→ **Input for this task**:
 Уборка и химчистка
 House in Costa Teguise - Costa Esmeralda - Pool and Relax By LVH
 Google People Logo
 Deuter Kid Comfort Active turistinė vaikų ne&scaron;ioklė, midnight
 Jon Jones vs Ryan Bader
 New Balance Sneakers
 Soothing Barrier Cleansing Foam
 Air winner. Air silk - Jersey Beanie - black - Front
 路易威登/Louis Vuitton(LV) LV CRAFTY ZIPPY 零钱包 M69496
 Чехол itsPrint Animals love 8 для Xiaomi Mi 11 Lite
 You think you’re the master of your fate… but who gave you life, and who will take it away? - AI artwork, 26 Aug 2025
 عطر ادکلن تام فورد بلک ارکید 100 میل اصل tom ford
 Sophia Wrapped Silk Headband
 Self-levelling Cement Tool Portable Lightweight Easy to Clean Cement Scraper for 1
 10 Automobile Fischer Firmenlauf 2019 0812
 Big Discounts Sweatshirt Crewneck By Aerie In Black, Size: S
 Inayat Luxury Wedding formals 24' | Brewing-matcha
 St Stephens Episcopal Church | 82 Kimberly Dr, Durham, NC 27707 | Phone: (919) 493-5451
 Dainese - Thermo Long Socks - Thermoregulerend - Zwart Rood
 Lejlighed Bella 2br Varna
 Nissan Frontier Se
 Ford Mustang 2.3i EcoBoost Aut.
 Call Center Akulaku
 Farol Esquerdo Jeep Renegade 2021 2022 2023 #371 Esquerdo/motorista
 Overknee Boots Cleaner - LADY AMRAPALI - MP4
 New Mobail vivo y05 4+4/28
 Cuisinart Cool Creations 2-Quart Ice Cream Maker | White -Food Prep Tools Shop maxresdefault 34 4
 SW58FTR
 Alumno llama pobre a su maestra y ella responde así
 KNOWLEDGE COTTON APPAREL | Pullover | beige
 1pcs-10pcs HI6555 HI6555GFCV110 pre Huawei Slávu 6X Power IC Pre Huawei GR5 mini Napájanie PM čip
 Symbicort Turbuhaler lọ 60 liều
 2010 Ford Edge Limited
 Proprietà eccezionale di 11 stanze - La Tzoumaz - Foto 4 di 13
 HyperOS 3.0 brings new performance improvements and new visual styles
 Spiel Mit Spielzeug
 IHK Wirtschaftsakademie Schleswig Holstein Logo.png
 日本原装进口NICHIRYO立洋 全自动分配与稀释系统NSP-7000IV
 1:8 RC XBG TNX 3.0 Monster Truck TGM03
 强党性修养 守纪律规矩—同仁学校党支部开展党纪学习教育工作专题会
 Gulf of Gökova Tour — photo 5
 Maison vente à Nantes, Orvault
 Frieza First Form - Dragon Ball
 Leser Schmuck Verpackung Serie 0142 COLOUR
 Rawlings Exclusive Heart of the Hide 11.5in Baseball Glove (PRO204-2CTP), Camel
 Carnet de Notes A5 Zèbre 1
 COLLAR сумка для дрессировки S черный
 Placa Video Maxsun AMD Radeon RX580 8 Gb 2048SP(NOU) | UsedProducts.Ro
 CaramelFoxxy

→ **Activity**: Every line from the line containing "1pcs-10pcs HI6555 HI6555GFCV110" through the line containing "Frieza First Form - Dragon Ball" in the records above must be retyped exactly. Leave out the rest.

→ **Problem solution**:
 1pcs-10pcs HI6555 HI6555GFCV110 pre Huawei Slávu 6X Power IC Pre Huawei GR5 mini Napájanie PM čip
 Symbicort Turbuhaler lọ 60 liều
 2010 Ford Edge Limited
 Proprietà eccezionale di 11 stanze - La Tzoumaz - Foto 4 di 13
 HyperOS 3.0 brings new performance improvements and new visual styles
 Spiel Mit Spielzeug
 IHK Wirtschaftsakademie Schleswig Holstein Logo.png
 日本原装进口NICHIRYO立洋 全自动分配与稀释系统NSP-7000IV
 1:8 RC XBG TNX 3.0 Monster Truck TGM03
 强党性修养 守纪律规矩—同仁学校党支部开展党纪学习教育工作专题会
 Gulf of Gökova Tour — photo 5
 Maison vente à Nantes, Orvault
 Frieza First Form - Dragon Ball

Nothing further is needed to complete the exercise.